● **Records for this exercise**
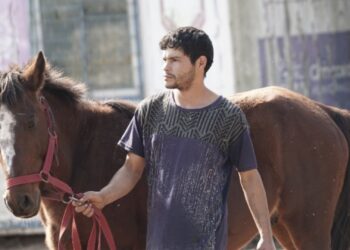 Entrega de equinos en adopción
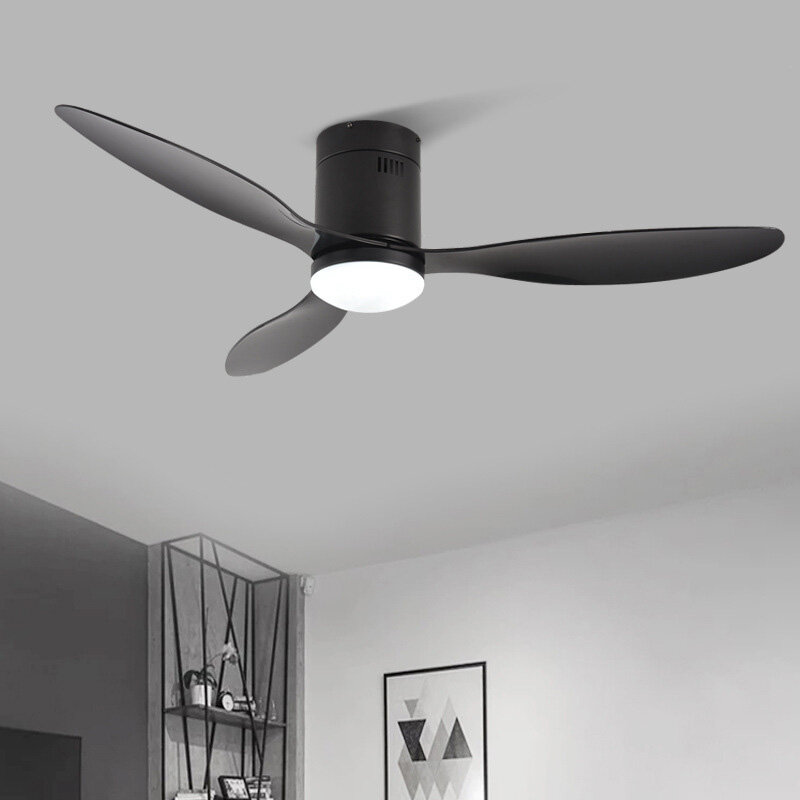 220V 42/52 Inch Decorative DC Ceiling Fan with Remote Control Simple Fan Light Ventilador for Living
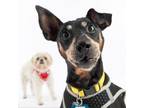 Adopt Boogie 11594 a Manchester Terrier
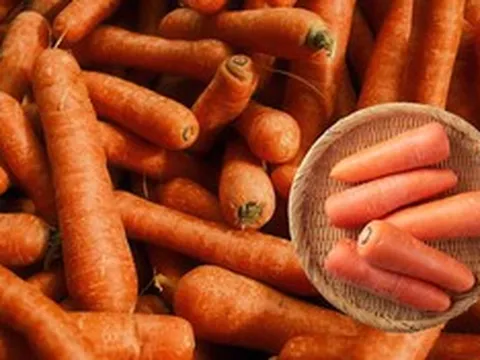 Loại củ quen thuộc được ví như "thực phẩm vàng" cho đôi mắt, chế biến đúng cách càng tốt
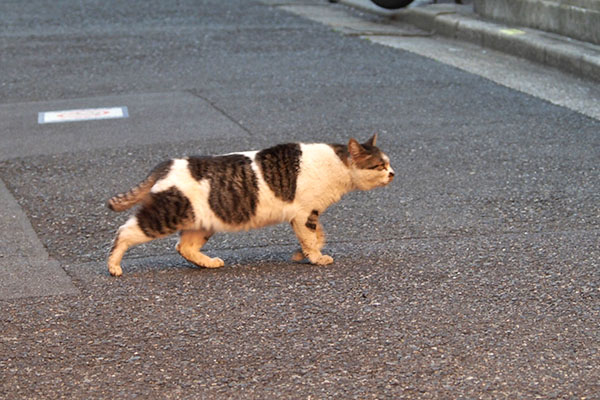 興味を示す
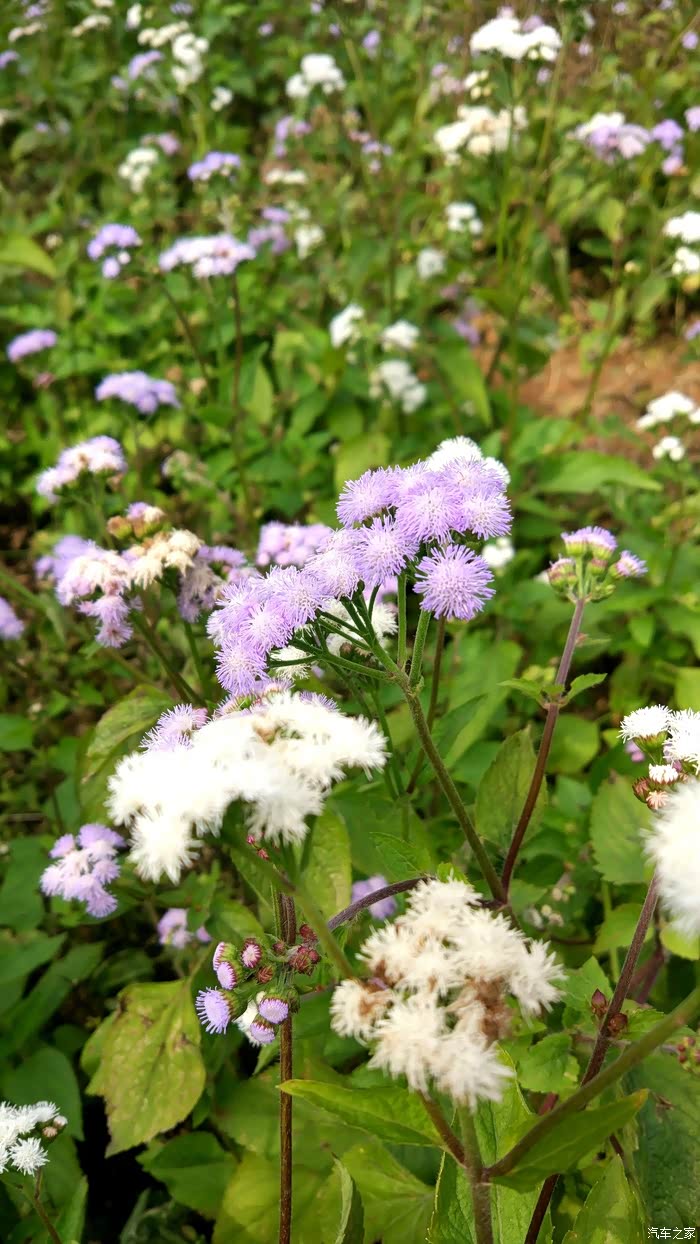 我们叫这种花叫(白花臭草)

● **Instructions for the task**
Your task is to quote exactly the lines from the one with "Adopt Boogie 11594 a Manchester Terrier" through the end of the material, both included, without reproducing any pictures.

● **Reply**
 Adopt Boogie 11594 a Manchester Terrier
 Loại củ quen thuộc được ví như "thực phẩm vàng" cho đôi mắt, chế biến đúng cách càng tốt
 興味を示す
 我们叫这种花叫(白花臭草)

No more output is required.